____ Data

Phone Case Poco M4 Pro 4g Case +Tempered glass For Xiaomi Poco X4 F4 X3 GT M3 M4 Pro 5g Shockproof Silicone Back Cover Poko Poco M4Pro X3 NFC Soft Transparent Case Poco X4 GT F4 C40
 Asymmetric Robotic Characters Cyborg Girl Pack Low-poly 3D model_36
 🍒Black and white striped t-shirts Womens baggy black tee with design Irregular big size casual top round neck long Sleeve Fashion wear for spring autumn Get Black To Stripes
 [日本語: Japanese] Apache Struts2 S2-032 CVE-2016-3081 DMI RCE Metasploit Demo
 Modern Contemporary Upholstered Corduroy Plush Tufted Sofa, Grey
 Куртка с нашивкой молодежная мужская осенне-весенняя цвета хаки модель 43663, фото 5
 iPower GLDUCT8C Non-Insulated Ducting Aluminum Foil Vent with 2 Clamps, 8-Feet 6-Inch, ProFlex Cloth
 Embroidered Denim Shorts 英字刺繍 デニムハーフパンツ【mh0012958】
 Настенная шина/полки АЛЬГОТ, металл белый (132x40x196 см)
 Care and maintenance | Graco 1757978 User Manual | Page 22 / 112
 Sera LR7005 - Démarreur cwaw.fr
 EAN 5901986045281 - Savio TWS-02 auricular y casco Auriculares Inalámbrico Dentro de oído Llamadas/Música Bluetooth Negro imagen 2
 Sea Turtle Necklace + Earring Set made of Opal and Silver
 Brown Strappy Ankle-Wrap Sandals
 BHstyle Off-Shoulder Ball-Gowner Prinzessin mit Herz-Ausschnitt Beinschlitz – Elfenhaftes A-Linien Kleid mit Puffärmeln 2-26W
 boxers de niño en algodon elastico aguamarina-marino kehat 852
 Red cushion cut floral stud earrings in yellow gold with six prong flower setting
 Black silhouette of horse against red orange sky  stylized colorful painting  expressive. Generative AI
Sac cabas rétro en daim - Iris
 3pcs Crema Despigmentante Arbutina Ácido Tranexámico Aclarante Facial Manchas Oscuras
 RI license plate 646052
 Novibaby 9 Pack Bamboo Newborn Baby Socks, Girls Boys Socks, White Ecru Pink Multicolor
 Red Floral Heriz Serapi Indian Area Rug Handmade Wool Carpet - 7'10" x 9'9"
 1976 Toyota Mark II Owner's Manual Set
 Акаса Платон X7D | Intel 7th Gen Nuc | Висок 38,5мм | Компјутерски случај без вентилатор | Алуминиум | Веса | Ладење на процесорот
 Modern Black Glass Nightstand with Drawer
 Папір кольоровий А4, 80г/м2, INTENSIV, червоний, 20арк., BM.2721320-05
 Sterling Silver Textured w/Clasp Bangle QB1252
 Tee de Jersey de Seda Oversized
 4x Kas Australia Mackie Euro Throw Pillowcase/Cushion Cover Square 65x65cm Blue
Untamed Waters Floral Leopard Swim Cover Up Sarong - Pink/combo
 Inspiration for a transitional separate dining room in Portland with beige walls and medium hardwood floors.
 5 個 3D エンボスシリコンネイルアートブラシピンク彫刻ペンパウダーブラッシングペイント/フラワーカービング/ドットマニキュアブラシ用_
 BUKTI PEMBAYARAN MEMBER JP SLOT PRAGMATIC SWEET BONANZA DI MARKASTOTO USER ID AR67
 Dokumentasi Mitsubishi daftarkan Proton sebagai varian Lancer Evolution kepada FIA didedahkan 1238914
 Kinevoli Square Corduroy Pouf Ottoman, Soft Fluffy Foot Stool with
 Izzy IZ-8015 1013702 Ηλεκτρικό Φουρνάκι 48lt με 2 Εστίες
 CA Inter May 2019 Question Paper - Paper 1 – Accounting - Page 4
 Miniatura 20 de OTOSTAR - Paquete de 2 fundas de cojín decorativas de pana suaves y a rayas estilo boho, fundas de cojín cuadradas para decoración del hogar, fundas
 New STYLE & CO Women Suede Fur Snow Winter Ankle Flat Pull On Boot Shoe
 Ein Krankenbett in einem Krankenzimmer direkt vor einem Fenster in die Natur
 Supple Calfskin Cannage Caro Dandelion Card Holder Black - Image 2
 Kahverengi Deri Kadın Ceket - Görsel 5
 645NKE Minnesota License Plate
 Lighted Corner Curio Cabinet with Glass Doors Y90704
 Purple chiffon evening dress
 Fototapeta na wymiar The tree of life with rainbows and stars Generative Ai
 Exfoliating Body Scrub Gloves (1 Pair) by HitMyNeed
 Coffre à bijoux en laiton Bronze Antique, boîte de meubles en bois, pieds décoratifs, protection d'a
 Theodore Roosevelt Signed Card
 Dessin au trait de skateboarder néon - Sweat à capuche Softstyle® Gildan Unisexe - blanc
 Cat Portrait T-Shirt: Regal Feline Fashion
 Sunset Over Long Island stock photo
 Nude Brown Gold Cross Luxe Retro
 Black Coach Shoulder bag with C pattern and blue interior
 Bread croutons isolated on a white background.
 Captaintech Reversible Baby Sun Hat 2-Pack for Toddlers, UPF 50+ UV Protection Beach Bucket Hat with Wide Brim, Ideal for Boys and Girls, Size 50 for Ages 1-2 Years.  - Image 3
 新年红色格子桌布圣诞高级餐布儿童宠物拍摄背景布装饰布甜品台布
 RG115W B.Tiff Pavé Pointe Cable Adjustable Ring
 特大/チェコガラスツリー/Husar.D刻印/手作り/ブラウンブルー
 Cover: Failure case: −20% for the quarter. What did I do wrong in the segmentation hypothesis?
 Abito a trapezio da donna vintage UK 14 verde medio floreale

________

| Work instruction |
Copy every line above without altering a word.

| Result for this task |
Phone Case Poco M4 Pro 4g Case +Tempered glass For Xiaomi Poco X4 F4 X3 GT M3 M4 Pro 5g Shockproof Silicone Back Cover Poko Poco M4Pro X3 NFC Soft Transparent Case Poco X4 GT F4 C40
 Asymmetric Robotic Characters Cyborg Girl Pack Low-poly 3D model_36
 🍒Black and white striped t-shirts Womens baggy black tee with design Irregular big size casual top round neck long Sleeve Fashion wear for spring autumn Get Black To Stripes
 [日本語: Japanese] Apache Struts2 S2-032 CVE-2016-3081 DMI RCE Metasploit Demo
 Modern Contemporary Upholstered Corduroy Plush Tufted Sofa, Grey
 Куртка с нашивкой молодежная мужская осенне-весенняя цвета хаки модель 43663, фото 5
 iPower GLDUCT8C Non-Insulated Ducting Aluminum Foil Vent with 2 Clamps, 8-Feet 6-Inch, ProFlex Cloth
 Embroidered Denim Shorts 英字刺繍 デニムハーフパンツ【mh0012958】
 Настенная шина/полки АЛЬГОТ, металл белый (132x40x196 см)
 Care and maintenance | Graco 1757978 User Manual | Page 22 / 112
 Sera LR7005 - Démarreur cwaw.fr
 EAN 5901986045281 - Savio TWS-02 auricular y casco Auriculares Inalámbrico Dentro de oído Llamadas/Música Bluetooth Negro imagen 2
 Sea Turtle Necklace + Earring Set made of Opal and Silver
 Brown Strappy Ankle-Wrap Sandals
 BHstyle Off-Shoulder Ball-Gowner Prinzessin mit Herz-Ausschnitt Beinschlitz – Elfenhaftes A-Linien Kleid mit Puffärmeln 2-26W
 boxers de niño en algodon elastico aguamarina-marino kehat 852
 Red cushion cut floral stud earrings in yellow gold with six prong flower setting
 Black silhouette of horse against red orange sky  stylized colorful painting  expressive. Generative AI
Sac cabas rétro en daim - Iris
 3pcs Crema Despigmentante Arbutina Ácido Tranexámico Aclarante Facial Manchas Oscuras
 RI license plate 646052
 Novibaby 9 Pack Bamboo Newborn Baby Socks, Girls Boys Socks, White Ecru Pink Multicolor
 Red Floral Heriz Serapi Indian Area Rug Handmade Wool Carpet - 7'10" x 9'9"
 1976 Toyota Mark II Owner's Manual Set
 Акаса Платон X7D | Intel 7th Gen Nuc | Висок 38,5мм | Компјутерски случај без вентилатор | Алуминиум | Веса | Ладење на процесорот
 Modern Black Glass Nightstand with Drawer
 Папір кольоровий А4, 80г/м2, INTENSIV, червоний, 20арк., BM.2721320-05
 Sterling Silver Textured w/Clasp Bangle QB1252
 Tee de Jersey de Seda Oversized
 4x Kas Australia Mackie Euro Throw Pillowcase/Cushion Cover Square 65x65cm Blue
Untamed Waters Floral Leopard Swim Cover Up Sarong - Pink/combo
 Inspiration for a transitional separate dining room in Portland with beige walls and medium hardwood floors.
 5 個 3D エンボスシリコンネイルアートブラシピンク彫刻ペンパウダーブラッシングペイント/フラワーカービング/ドットマニキュアブラシ用_
 BUKTI PEMBAYARAN MEMBER JP SLOT PRAGMATIC SWEET BONANZA DI MARKASTOTO USER ID AR67
 Dokumentasi Mitsubishi daftarkan Proton sebagai varian Lancer Evolution kepada FIA didedahkan 1238914
 Kinevoli Square Corduroy Pouf Ottoman, Soft Fluffy Foot Stool with
 Izzy IZ-8015 1013702 Ηλεκτρικό Φουρνάκι 48lt με 2 Εστίες
 CA Inter May 2019 Question Paper - Paper 1 – Accounting - Page 4
 Miniatura 20 de OTOSTAR - Paquete de 2 fundas de cojín decorativas de pana suaves y a rayas estilo boho, fundas de cojín cuadradas para decoración del hogar, fundas
 New STYLE & CO Women Suede Fur Snow Winter Ankle Flat Pull On Boot Shoe
 Ein Krankenbett in einem Krankenzimmer direkt vor einem Fenster in die Natur
 Supple Calfskin Cannage Caro Dandelion Card Holder Black - Image 2
 Kahverengi Deri Kadın Ceket - Görsel 5
 645NKE Minnesota License Plate
 Lighted Corner Curio Cabinet with Glass Doors Y90704
 Purple chiffon evening dress
 Fototapeta na wymiar The tree of life with rainbows and stars Generative Ai
 Exfoliating Body Scrub Gloves (1 Pair) by HitMyNeed
 Coffre à bijoux en laiton Bronze Antique, boîte de meubles en bois, pieds décoratifs, protection d'a
 Theodore Roosevelt Signed Card
 Dessin au trait de skateboarder néon - Sweat à capuche Softstyle® Gildan Unisexe - blanc
 Cat Portrait T-Shirt: Regal Feline Fashion
 Sunset Over Long Island stock photo
 Nude Brown Gold Cross Luxe Retro
 Black Coach Shoulder bag with C pattern and blue interior
 Bread croutons isolated on a white background.
 Captaintech Reversible Baby Sun Hat 2-Pack for Toddlers, UPF 50+ UV Protection Beach Bucket Hat with Wide Brim, Ideal for Boys and Girls, Size 50 for Ages 1-2 Years.  - Image 3
 新年红色格子桌布圣诞高级餐布儿童宠物拍摄背景布装饰布甜品台布
 RG115W B.Tiff Pavé Pointe Cable Adjustable Ring
 特大/チェコガラスツリー/Husar.D刻印/手作り/ブラウンブルー
 Cover: Failure case: −20% for the quarter. What did I do wrong in the segmentation hypothesis?
 Abito a trapezio da donna vintage UK 14 verde medio floreale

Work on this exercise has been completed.